Researchers say the number of breast cancers in the United States dropped sharply in 2003. The reduction follows a finding that links hormone replacement therapy to breast and other cancers in women. VOA's Jessica Berman reports.

In a special report published this week in the New England Journal of Medicine, a team of US researchers found the number of new breast cancer cases fell almost seven percent in 2003 from 2002 levels, and remained unchanged in 2004.

The drop means that 44,000 fewer cases of breast cancer were diagnosed in 2003 and again in 2004. Prior to this study, the American Cancer Society was reporting an estimated 300,000 new breast cancer diagnoses each year.

The driving force behind the decline emerged from a large study known as the Women's Health Initiative. The study involved 16,000 participants and looked at whether hormone replacement therapy prevents heart disease in post-menopausal women.

The hormone replacement therapy study was halted suddenly in 2002 when investigators found that the drugs promoted ovarian cancer.
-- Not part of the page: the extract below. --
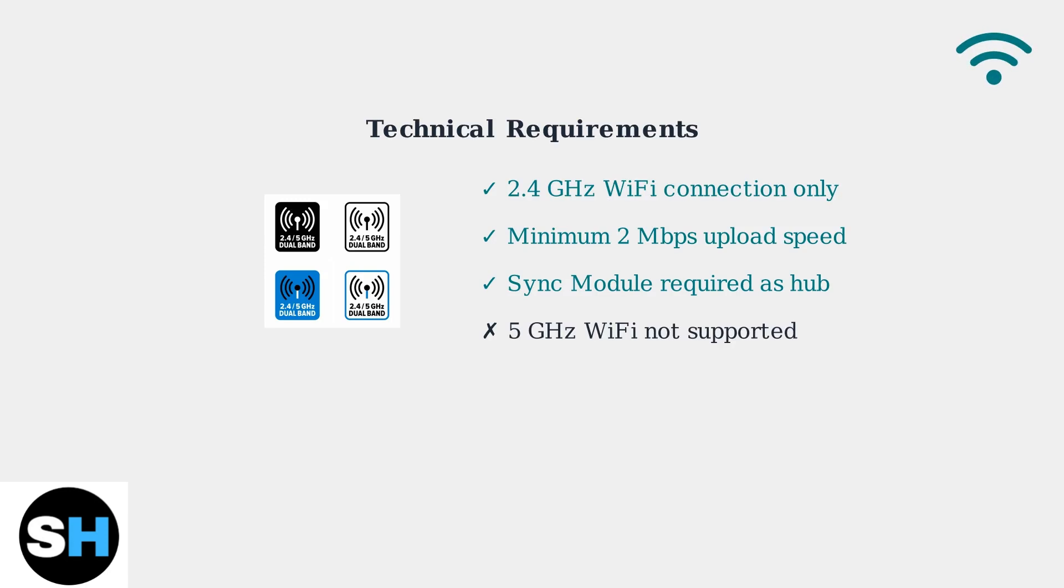It requires a 2.4 gigahertz WiFi connection and cannot function without a sync module acting as a communication hub.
Millions of women stopped taking them.

Peter Ravdin is a cancer specialist at the M.D. Anderson Cancer Center in Houston, Texas and author of the paper in the New England Journal that noted the sharp drop in breast cancer diagnoses.

"You know, in retrospect, it is not surprising at all," said Peter Ravdin.

The results of the 2002 Women's Health Initiative showed that women past their child-bearing years, who were taking hormones for five or more years, had the highest cancer risk.

Ravdin says he is not surprised by that finding either.

"One of the things that always strikes me is this business about natural products," he said. "How can something natural be bad for you? You know, it is natural for a woman to have estrogen in her body? Well, it is. But maybe it is not that normal for her to have estrogen in her body when she is 60."

Meanwhile, in an article published in the British medical journal The Lancet, researchers following one million post-menopausal women for 15 years have reported an additional 1,000 deaths they suspect were a result of hormone replacement therapy.